DATA SECTION:

****************

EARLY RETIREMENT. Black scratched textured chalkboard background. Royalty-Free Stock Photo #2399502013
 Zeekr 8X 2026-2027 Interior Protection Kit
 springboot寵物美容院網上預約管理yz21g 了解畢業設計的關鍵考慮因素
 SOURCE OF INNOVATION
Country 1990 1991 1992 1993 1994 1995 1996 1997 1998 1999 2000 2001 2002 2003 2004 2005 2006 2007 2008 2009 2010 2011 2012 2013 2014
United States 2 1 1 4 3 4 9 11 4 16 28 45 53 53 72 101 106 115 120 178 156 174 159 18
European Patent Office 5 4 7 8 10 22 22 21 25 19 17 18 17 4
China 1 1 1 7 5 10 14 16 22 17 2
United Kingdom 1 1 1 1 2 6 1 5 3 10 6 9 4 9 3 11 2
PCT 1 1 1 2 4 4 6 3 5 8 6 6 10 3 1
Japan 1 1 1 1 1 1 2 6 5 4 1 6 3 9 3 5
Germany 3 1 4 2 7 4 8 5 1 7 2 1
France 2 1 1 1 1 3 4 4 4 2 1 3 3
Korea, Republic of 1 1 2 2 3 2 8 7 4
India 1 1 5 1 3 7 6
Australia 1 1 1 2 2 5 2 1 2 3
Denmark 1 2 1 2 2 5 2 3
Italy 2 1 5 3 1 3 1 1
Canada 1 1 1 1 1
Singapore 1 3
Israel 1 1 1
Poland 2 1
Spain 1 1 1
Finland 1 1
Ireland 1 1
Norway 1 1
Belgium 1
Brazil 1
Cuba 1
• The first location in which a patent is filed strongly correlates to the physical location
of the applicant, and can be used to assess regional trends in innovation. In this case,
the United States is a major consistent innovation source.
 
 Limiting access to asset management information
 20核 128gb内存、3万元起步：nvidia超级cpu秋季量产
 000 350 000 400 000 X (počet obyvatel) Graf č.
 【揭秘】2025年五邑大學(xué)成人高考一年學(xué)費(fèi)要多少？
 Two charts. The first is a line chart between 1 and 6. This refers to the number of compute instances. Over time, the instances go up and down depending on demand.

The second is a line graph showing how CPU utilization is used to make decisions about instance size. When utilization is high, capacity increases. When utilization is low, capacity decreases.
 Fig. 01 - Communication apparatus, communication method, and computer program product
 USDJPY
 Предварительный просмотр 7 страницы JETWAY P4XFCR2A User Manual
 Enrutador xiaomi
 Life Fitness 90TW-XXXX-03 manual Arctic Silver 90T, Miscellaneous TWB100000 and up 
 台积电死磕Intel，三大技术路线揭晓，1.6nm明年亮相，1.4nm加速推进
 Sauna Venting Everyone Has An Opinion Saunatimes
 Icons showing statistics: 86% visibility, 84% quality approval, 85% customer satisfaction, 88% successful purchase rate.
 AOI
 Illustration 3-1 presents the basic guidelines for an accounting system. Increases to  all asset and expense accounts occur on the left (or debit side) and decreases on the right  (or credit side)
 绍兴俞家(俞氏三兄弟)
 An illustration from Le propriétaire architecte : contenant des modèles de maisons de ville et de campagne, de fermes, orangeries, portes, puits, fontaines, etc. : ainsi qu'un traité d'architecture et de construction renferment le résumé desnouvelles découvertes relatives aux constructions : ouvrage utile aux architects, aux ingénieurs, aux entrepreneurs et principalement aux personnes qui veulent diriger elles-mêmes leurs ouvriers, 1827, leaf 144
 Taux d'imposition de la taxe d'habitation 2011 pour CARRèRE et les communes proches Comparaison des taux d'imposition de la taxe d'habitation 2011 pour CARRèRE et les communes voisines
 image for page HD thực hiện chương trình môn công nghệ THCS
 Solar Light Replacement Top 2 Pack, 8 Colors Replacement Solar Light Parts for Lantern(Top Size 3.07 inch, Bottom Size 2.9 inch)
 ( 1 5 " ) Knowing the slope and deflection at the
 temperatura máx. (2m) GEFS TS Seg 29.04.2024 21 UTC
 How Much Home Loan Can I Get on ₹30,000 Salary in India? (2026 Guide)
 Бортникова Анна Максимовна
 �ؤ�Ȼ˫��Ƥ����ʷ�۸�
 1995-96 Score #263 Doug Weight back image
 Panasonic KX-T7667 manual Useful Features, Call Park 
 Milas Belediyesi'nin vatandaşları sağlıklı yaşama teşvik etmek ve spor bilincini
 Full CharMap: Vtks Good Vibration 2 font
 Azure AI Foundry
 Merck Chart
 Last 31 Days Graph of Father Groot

****************

THE TASK:
Which lines above run from the one containing "United States 2" down to the one containing "India 1 1 5 1 3 7 6"? Repeat exactly those, both ends included, and nothing else.

EXERCISE SOLUTION:
United States 2 1 1 4 3 4 9 11 4 16 28 45 53 53 72 101 106 115 120 178 156 174 159 18
European Patent Office 5 4 7 8 10 22 22 21 25 19 17 18 17 4
China 1 1 1 7 5 10 14 16 22 17 2
United Kingdom 1 1 1 1 2 6 1 5 3 10 6 9 4 9 3 11 2
PCT 1 1 1 2 4 4 6 3 5 8 6 6 10 3 1
Japan 1 1 1 1 1 1 2 6 5 4 1 6 3 9 3 5
Germany 3 1 4 2 7 4 8 5 1 7 2 1
France 2 1 1 1 1 3 4 4 4 2 1 3 3
Korea, Republic of 1 1 2 2 3 2 8 7 4
India 1 1 5 1 3 7 6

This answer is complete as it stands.